[DATA SHOWN — start]
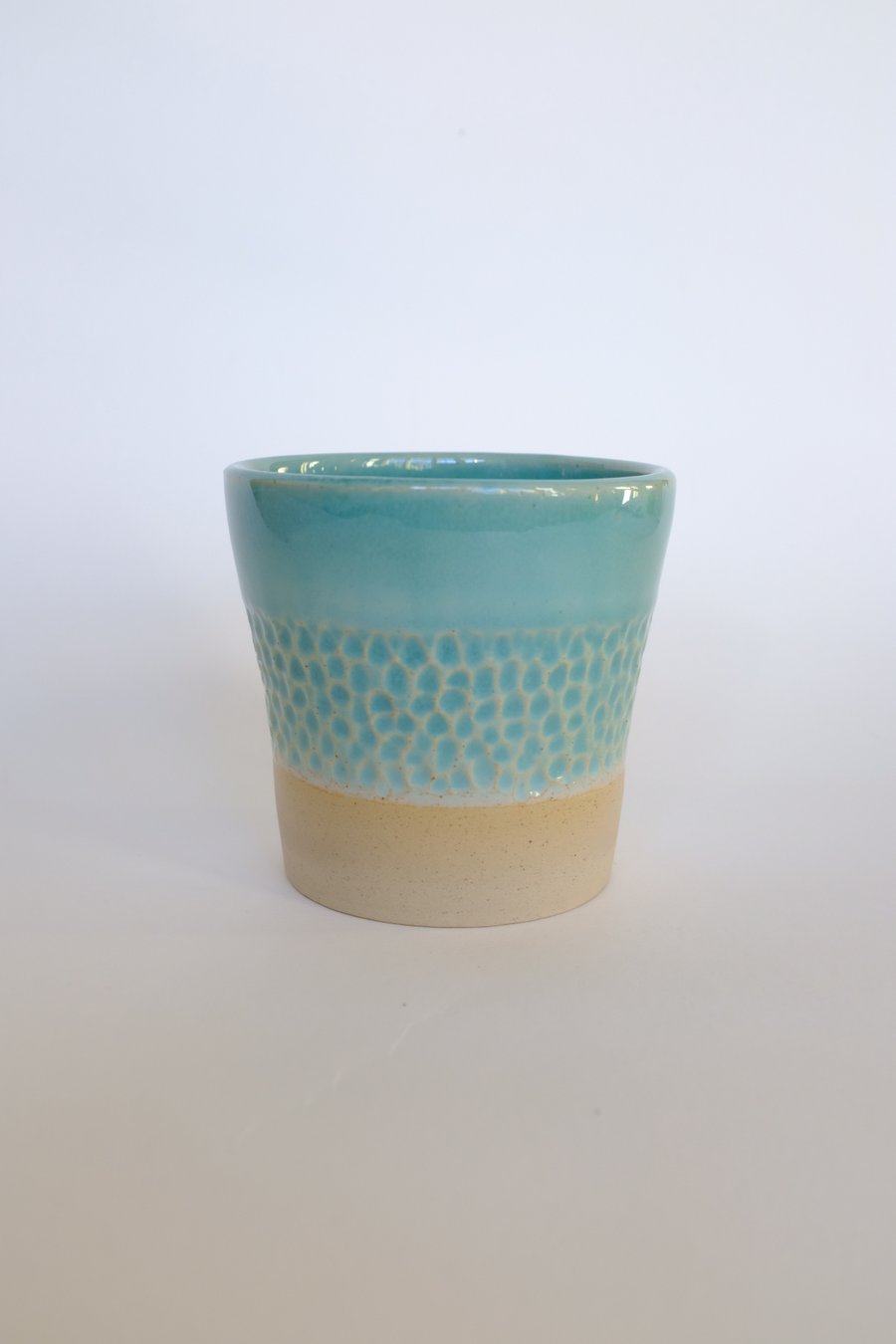 Turquoise plant pot I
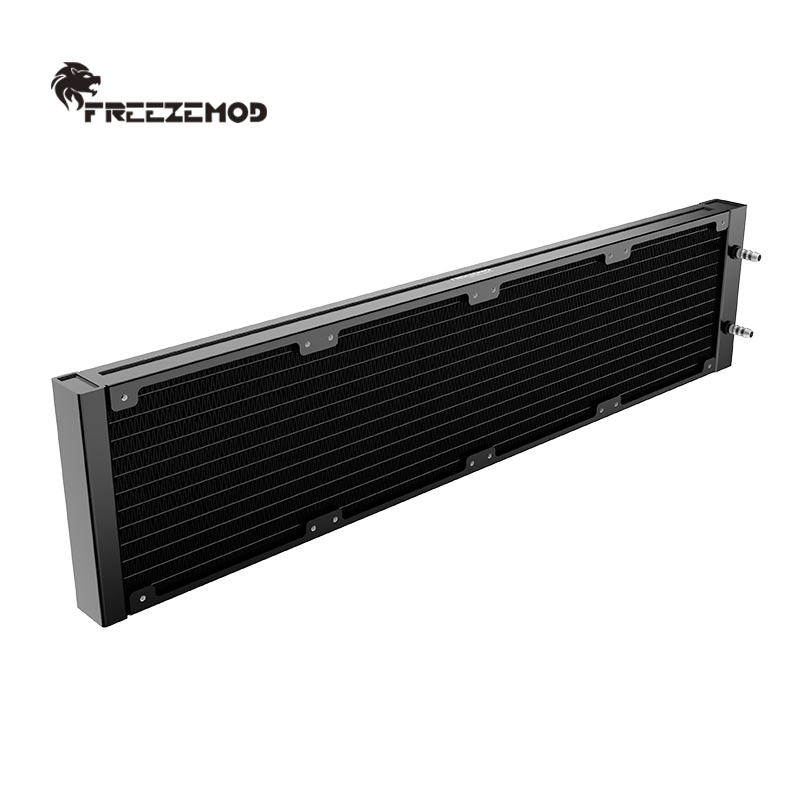 FREEZEMOD水冷螺纹口铝散热排SR-LP20-480F75液冷医疗器12CM风扇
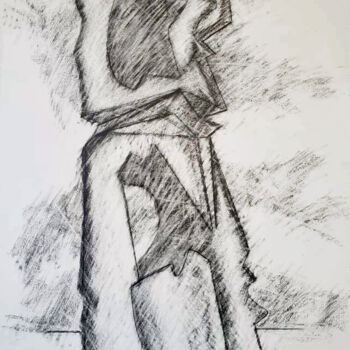 Drawing titled "fulfrm2" by Robert Winslow, Original Artwork, Graphite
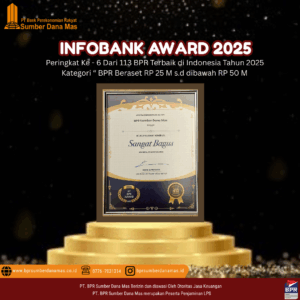 PT BPR SUMBER DANA MAS Meraih Apresiasi Bergengsi pada INFOBANK BPR AWARD 2025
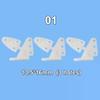 10Pcs Electric Planes Foam Model Accessories Nylon Pin Horn/ Zip Horns Without Screws 3 Hole/4 Hole RC Airplanes Parts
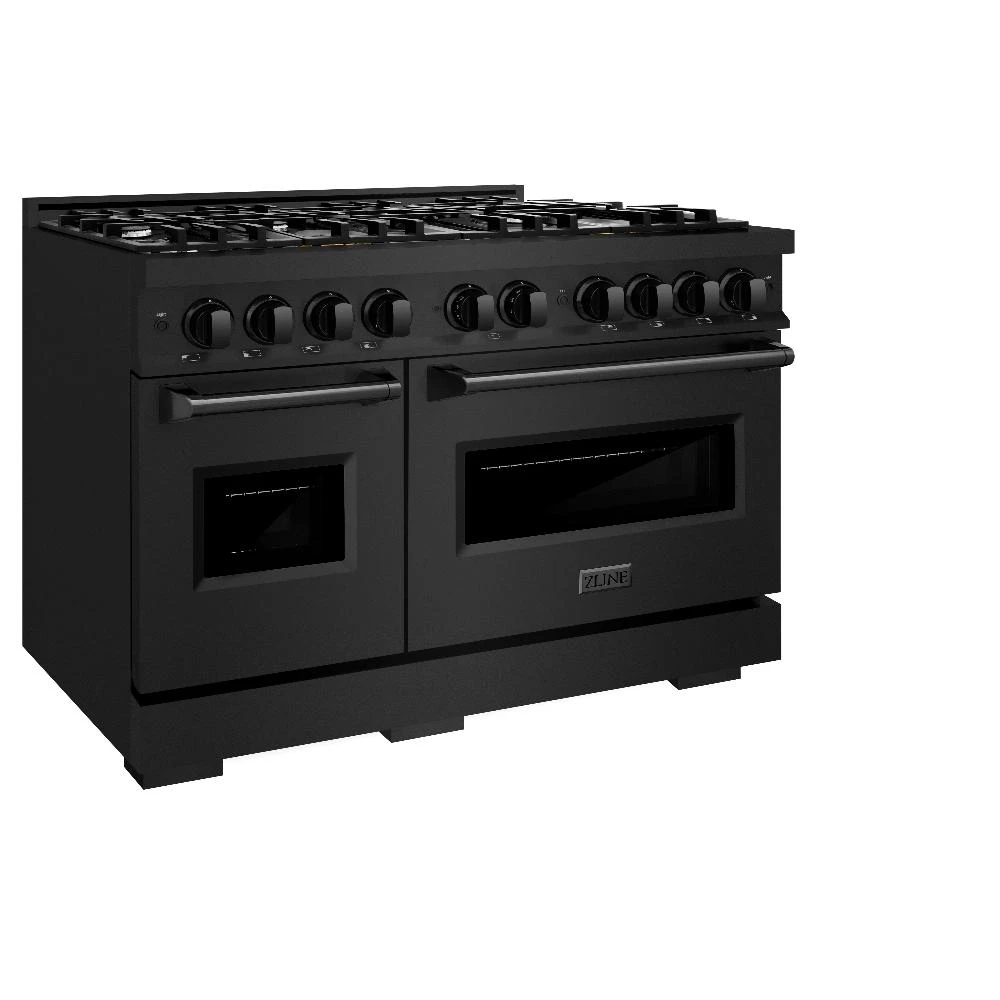 ZLINE 48 In. 6.7 Cu. Ft. Classic Double Oven Gas Range With 8 Burner Cooktop In Black Stainless Steel (CGRB-48)(Zline 48 Classic Gas Range Black Stainless Steel Cgrb 48) 5 ZLINE 48 In. 6.7 Cu. Ft. Classic Double Oven Gas Range With 8 Burner Cooktop In Black Stainless Steel (CGRB-48)(Zline 48 Classic Gas Range Black Stainless Steel Cgrb 48) - Image 5
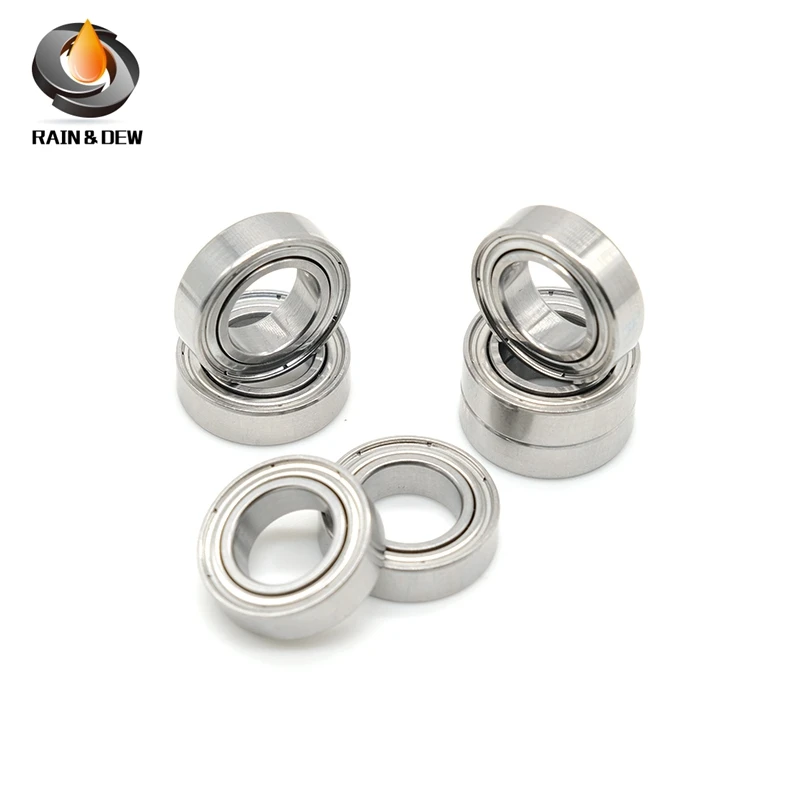 Rolamento de Esferas de 8x14x3.5 mm Abec-9 Smr148zzw3.5 10 Pcs Aço Inoxidável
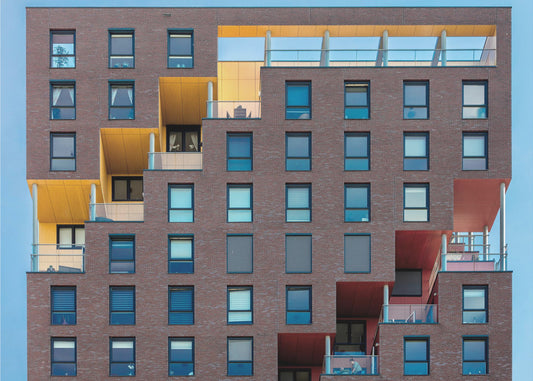 Yellow-red in wall | Canvas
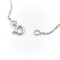 Collier Collier Pendentif Or blanc Saphir 58 Facettes 1875617CN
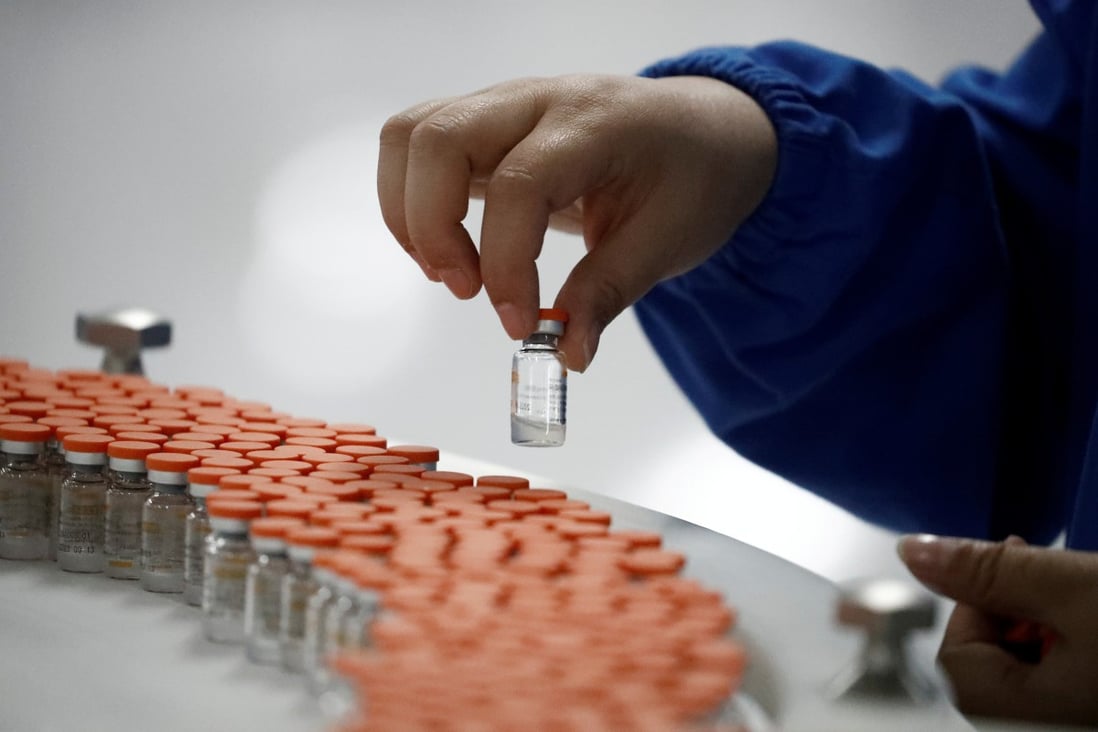 China is ramping up its vaccine production. Photo: Reuters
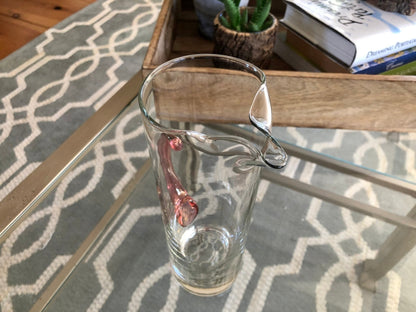 Vintage Pitcher with Pink Handle, Pitcher, Drinkware, Barware - Loom Vintage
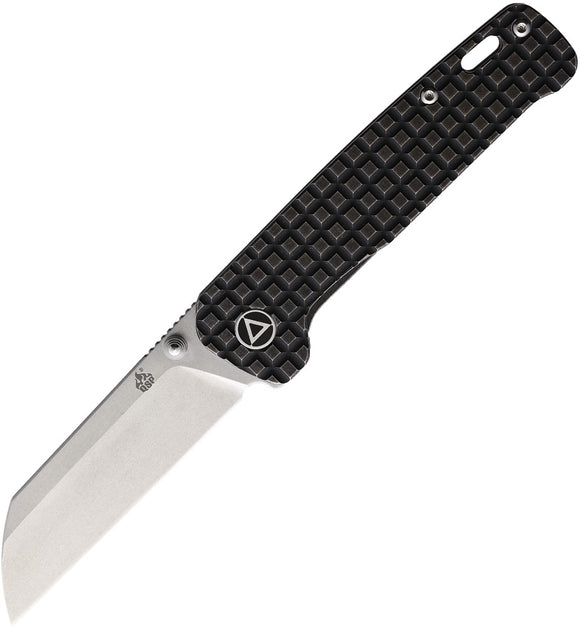 QSP Penguin Pocket Knife Framelock Black Titanium Folding 154CM Blade 130NFRG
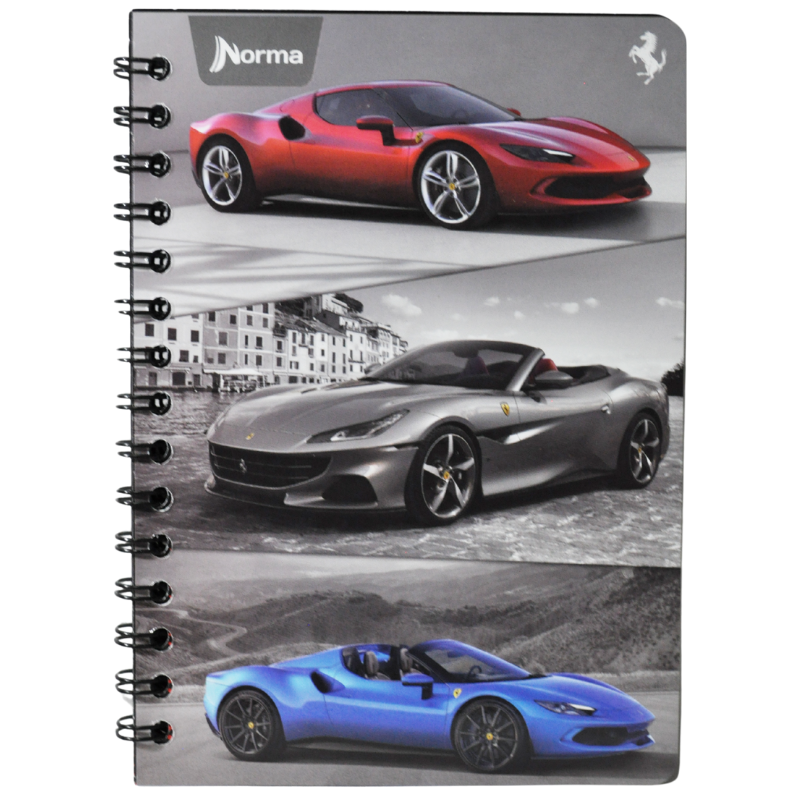 CUADERNO FRANCES DOBLE ARGOLLA  FERRARI 100 HJ RAYA NORMA MNK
[DATA SHOWN — finish]
WHAT IS NEEDED » With the pictures removed, print the entries above exactly.

RESULT »
 Turquoise plant pot I
 FREEZEMOD水冷螺纹口铝散热排SR-LP20-480F75液冷医疗器12CM风扇
 Drawing titled "fulfrm2" by Robert Winslow, Original Artwork, Graphite
 PT BPR SUMBER DANA MAS Meraih Apresiasi Bergengsi pada INFOBANK BPR AWARD 2025
 10Pcs Electric Planes Foam Model Accessories Nylon Pin Horn/ Zip Horns Without Screws 3 Hole/4 Hole RC Airplanes Parts
 ZLINE 48 In. 6.7 Cu. Ft. Classic Double Oven Gas Range With 8 Burner Cooktop In Black Stainless Steel (CGRB-48)(Zline 48 Classic Gas Range Black Stainless Steel Cgrb 48) 5 ZLINE 48 In. 6.7 Cu. Ft. Classic Double Oven Gas Range With 8 Burner Cooktop In Black Stainless Steel (CGRB-48)(Zline 48 Classic Gas Range Black Stainless Steel Cgrb 48) - Image 5
 Rolamento de Esferas de 8x14x3.5 mm Abec-9 Smr148zzw3.5 10 Pcs Aço Inoxidável
 Yellow-red in wall | Canvas
 Collier Collier Pendentif Or blanc Saphir 58 Facettes 1875617CN
 China is ramping up its vaccine production. Photo: Reuters
 Vintage Pitcher with Pink Handle, Pitcher, Drinkware, Barware - Loom Vintage
 QSP Penguin Pocket Knife Framelock Black Titanium Folding 154CM Blade 130NFRG
 CUADERNO FRANCES DOBLE ARGOLLA  FERRARI 100 HJ RAYA NORMA MNK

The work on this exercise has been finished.